══ Data ══

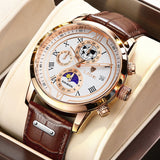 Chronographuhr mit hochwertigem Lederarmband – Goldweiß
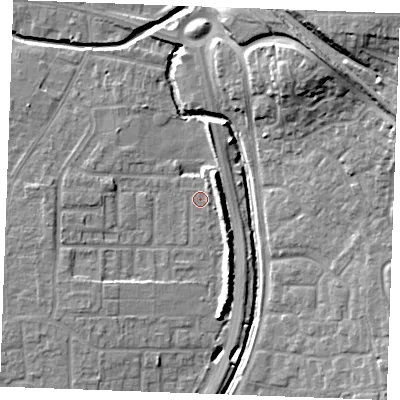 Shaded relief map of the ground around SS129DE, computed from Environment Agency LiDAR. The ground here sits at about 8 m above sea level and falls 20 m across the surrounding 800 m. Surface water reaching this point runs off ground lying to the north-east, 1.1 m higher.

═══
══ Data ══

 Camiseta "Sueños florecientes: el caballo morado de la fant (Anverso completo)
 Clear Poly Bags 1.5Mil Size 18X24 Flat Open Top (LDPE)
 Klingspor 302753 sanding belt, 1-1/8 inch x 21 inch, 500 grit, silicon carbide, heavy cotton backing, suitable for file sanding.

═══

When you reach the line holding "Chronographuhr mit hochwertigem" in the listing above, begin retyping exactly, and stop once the line holding "Shaded relief map" is done; pictures stay out.

◆ Solution to the problem
 Chronographuhr mit hochwertigem Lederarmband – Goldweiß
 Shaded relief map of the ground around SS129DE, computed from Environment Agency LiDAR. The ground here sits at about 8 m above sea level and falls 20 m across the surrounding 800 m. Surface water reaching this point runs off ground lying to the north-east, 1.1 m higher.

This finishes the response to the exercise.